Foi surpreendente, para quem está envolvido na Lava Jato, a decisão da Segunda Turma do Supremo Tribunal Federal, que aceitou na terça-feira a denúncia contra o senador Valdir Raupp (PMDB-RO), um dos caciques do partido. Por unanimidade, os ministros concluíram que também a doação oficial, mesmo contabilizada pelo partido na forma na lei, pode ser considerada propina e crime eleitoral.
NÃO HÁ INOVAÇÃO – A bancada da corrupção, que é amplamente majoritária no Congresso, reagiu com veemência, como se tivesse surgido uma ilegítima novidade jurídica. Na verdade, essa possibilidade sempre existiu, não representa a menor inovação. Sempre que houver provas de que a doação oficial encobriu pagamento de propina, passa a ser obrigação do magistrado aceitar a denúncia e condenar o réu .
O fato é que, na esperança de justificar suas relações perigosas com empreiteiros e outros corruptores, muitos dos envolvidos da Lava Jato, incluindo o presidente Michel Temer, vêm baseando suas defesas na afirmação de que não negociaram nem aceitaram propinas, apenas receberam doações oficiais, permitidas na lei e obrigatoriamente registradas nas prestações de contas das campanhas eleitorais.
O que a Segunda Turma do STF fez, em sua decisão, foi alertar que a doação oficial não pode servir de “habeas corpus preventivo” para inocentar antecipadamente políticos, empresários e administradores públicos envolvidos em tenebrosas transações, como diria o genial compositor Chico Buarque, que infelizmente mancha sua biografia ao insistir em absolver os políticos do PT, agindo como se filiação partidária pudesse ser garantia de caráter ilibado e bons antecedentes.
FALTAM AS PROVAS – Agora os inquéritos vão abranger também as doações legais, caso a caso, e os delatores, que não podem mentir e precisam colaborar ao máximo, terão de apresentar documentos e registros contábeis.

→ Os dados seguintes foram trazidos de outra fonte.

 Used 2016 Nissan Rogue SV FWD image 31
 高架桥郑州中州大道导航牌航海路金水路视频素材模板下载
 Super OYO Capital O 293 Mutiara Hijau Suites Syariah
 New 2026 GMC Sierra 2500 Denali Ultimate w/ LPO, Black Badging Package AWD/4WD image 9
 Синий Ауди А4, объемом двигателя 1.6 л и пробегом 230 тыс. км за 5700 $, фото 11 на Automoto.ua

É exatamente o que o ministro-relator Herman Benjamin acaba de exigir dos principais delatores da Odebrecht, para comprovar declarações que fizeram em seus depoimentos no processo para cassar a chapa Dilma/Temer na Justiça Eleitoral.

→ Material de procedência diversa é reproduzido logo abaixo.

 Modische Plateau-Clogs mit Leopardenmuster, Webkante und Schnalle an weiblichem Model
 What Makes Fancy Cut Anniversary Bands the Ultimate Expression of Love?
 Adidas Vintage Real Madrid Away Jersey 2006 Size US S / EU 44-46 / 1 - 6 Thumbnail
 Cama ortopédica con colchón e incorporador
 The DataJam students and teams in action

Mas nem tudo está perdido para os corruptos. É improvável que a Polícia Federal e a Procuradoria-Geral da República consigam fazer a conexão e obter provas materiais de que muitas doações oficiais não passaram de propinas encobertas e significam lavagem de dinheiro.
DELAÇÃO AMACIADA – No caso de Michel Temer, por exemplo, o megaempresário Marcelo Odebrecht amaciou a situação do presidente, ao dizer que não negociou com ele os valores da doação ao PMDB. Mas o executivo Cláudio Melo Filho fincou pé e repetiu que no jantar no Palácio Jaburu tudo realmente foi acertado diretamente com Temer e o então deputado Eliseu Padilha.
Justamente por isso, o ministro Herman Benjamin marcou para esta sexta-feira (dia 10) uma acareação entre Marcelo Odebrecht, Cláudio Melo Filho e Hilberto Silva Mascarenhas, ex-funcionário do Setor de Operações Estruturadas, responsável pelos pagamentos ilícitos da empresa, que envolveram a fabulosa soma de US$ 3, 4 bilhões em oito anos, um verdadeiro recorde mundial. Nesta quarta-feira o ministro se animou e chamou mais um para a acareação: Benedicto Júnior, ex-presidente da Odebrecht Infraestrutura, o executivo que fazia os acertos pessoalmente com parlamentares e governantes.